■ TRY IT ■
Anywhere the string "icon" shows up in the listing below, copy the line it is in.

BEGIN

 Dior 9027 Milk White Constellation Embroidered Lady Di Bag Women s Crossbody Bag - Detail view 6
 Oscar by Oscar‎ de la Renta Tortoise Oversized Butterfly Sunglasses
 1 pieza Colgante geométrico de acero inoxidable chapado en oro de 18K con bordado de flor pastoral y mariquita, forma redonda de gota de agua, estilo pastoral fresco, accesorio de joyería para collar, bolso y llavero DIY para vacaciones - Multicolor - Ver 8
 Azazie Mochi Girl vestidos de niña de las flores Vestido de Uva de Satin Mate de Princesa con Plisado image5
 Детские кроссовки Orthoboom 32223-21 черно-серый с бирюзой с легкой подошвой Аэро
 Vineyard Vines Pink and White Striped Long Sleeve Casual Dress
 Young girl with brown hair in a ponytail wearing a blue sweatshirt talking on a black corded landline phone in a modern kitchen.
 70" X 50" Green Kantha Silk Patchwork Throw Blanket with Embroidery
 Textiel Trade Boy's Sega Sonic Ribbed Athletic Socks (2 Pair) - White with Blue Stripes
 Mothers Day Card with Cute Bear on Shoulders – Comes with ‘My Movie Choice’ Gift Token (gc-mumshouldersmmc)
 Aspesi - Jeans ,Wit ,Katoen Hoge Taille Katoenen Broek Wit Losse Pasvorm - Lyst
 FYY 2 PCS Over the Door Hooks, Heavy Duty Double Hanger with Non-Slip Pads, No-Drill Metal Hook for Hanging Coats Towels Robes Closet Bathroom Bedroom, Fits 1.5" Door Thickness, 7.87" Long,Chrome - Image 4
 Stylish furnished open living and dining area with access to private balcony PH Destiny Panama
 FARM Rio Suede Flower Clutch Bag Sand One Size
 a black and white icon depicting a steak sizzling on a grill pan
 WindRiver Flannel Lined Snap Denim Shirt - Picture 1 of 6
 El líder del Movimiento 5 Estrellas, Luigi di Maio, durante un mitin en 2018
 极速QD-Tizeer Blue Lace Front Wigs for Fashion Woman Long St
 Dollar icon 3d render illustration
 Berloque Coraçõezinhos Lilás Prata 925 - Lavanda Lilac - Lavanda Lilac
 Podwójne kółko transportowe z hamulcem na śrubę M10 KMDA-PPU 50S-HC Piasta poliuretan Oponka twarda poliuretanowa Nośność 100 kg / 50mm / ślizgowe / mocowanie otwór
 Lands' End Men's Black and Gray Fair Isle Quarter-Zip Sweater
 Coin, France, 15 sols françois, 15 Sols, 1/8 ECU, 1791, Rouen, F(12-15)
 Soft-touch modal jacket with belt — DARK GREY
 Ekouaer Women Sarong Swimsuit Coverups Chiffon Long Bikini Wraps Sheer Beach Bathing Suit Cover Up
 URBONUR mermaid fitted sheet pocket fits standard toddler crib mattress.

END

■ YOUR SOLUTION ■
 a black and white icon depicting a steak sizzling on a grill pan
 Dollar icon 3d render illustration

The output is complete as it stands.